Coincidentally sharing the same title with an Ashton Kutcher - Hollywood movie, far from being
set in America, this naturally intriguing novel in The Butterfly Effect is
anchored in and around the stark snowscapes of Norwegian city Oslo and its immediate surroundings.
It's always exciting when books are set somewhere else... you know, somewhere other than anywhere in America or Britain.
Especially when the surroundings are so intimately described by Pernille Rygg - and there is even a
detailed map of the area provided at the front of the book before the story so that the reader
can immediately familiarize themselves with various locations, which is a major plus.
Remarkably, this is Pernille's first novel, and she is definitely an exciting new writer in the
crime fiction fold given the acclaim that has also surrounded her more recent Golden Section book.
Naturally there is no answer when I knock, but the door swings open when I try the handle.
I fumble round for a switch on the wall by the door.
The darkness explodes into cold white light, and I find myself staring at a face crises-crossed
with angry, blood-red streaks.
My scream frightens me but they are my eyes staring at me from behind the brutal slashes.
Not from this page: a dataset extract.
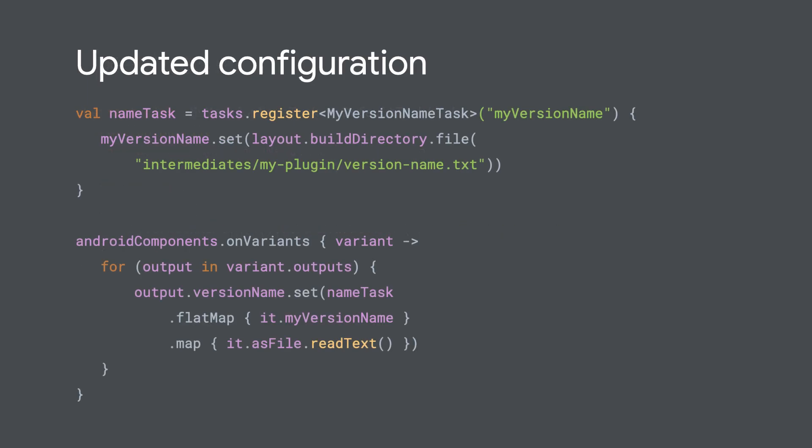We can now register our task and configure AGP's properties to use our version name. So now let's register our task and configure the output property. The file you pick doesn't really matter. So I just chose the build slash intermediates directory, which is just kind of a dumping ground for stuff that humans aren't supposed to look at. Once we've registered the task, we'll get a task provider.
Yep, Igi is staring in the mirror!
The story itself is seen through the wide-open eyes of Igi Heitmann from exhilarating start
to satisfying finish, who is coming to terms with her father's sudden death.
He was a private investigator and embroiled in a bizarre case when he died - a case
that Igi herself takes on in his absence... much to her regret once some nasty secrets
disturbingly drift out of the darkness and into her life.
The question is, can she handle the truth? Whatever the answer, it's a good thing that
dreams are easy to forget.
Bad dreams of the nightmarish variety in particular, as Igi admits - I wash them
down the plughole as I shower. Which is alright for some.